На этом наша маленькая перепалка не заканчивается. Как только мы подъезжаем к больнице, Хромов пытается снова взять меня на руки, но я отчаянно отбиваюсь от него. Потом будет мне претензии предъявлять: я из-за тебя спину надорвал, грыжу заработал... Знаем, плавали. И как бы унизительно не было, вылезаю из автомобиля и, прихрамывая, направляюсь ко входу. Порванная обувь тут же даёт о себе знать и сковывает пальцы на ногах ледяной водой. Я с ужасом смотрю на кеды. Правый эпично отошёл от подошвы, создавая эффект "пасти крокодила", и мои колготки светят огромной дырой на большом пальце.

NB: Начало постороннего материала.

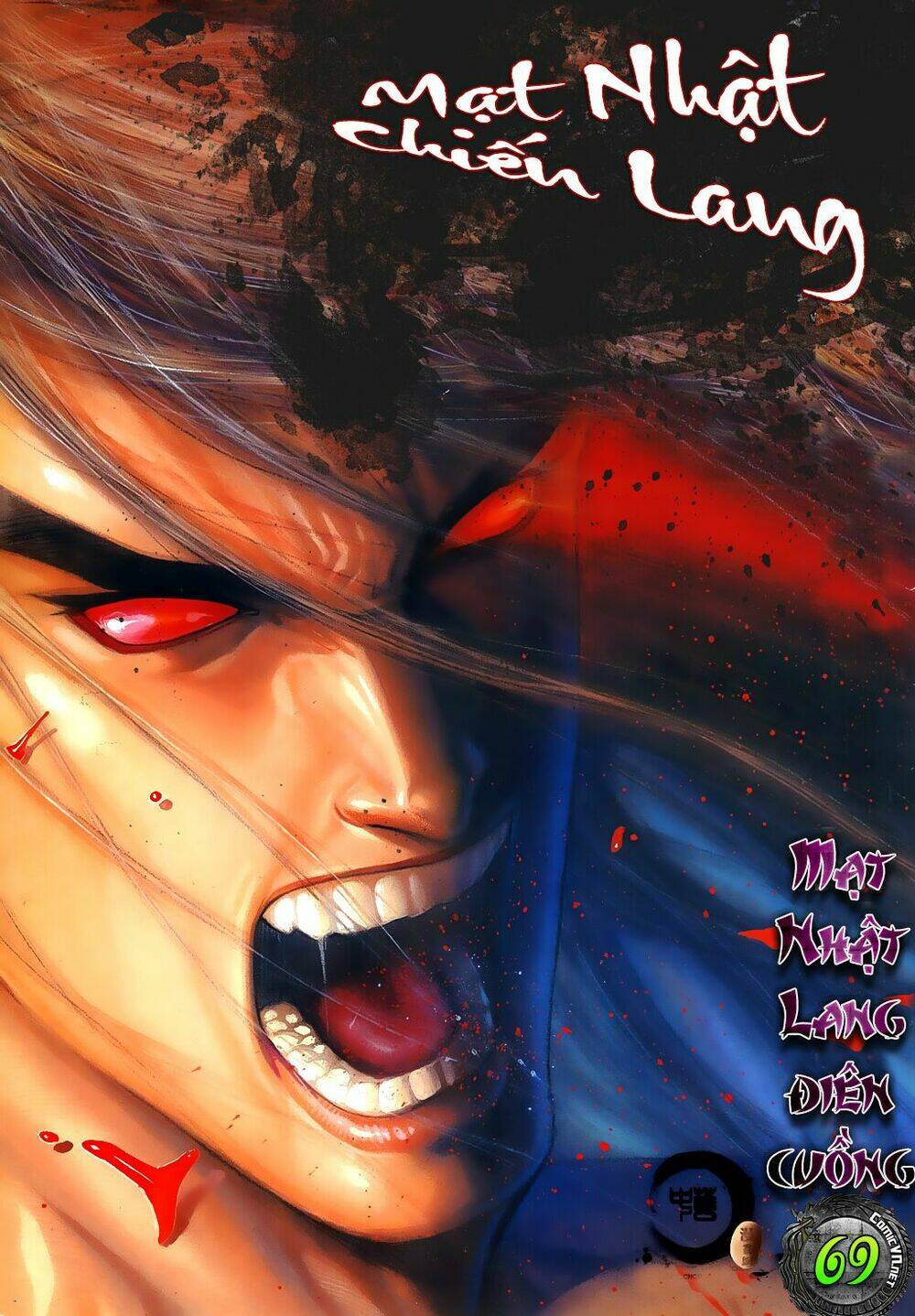 mạt nhật chiến lang chapter 69 1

Поднимаю взгляд и вижу ошарашенное лицо Хромова, который наблюдает тоже, что и я. Без лишних слов и сантиментов, совершенно не слушая то, что я гневно ему высказываю, подхватывает меня на руки и несет ко входу.
— Это ж какие куриные мозги надо иметь, чтобы в декабре в летней обуви шастать, — произносит тихо, но сердито.
— Осенней! — гневно произношу я, надувая щеки, совсем как в детстве, когда обижалась на Пашку, своего извечного другана по проказам. — Они с утеплением! — не знаю зачем, добавляю я.
Что этот мужчина делает со мной? Почему в его присутствии я становлюсь непроходимой идиоткой? То туплю, то скажу что-нибудь невпопад, то вот, веду себя как дитё малое.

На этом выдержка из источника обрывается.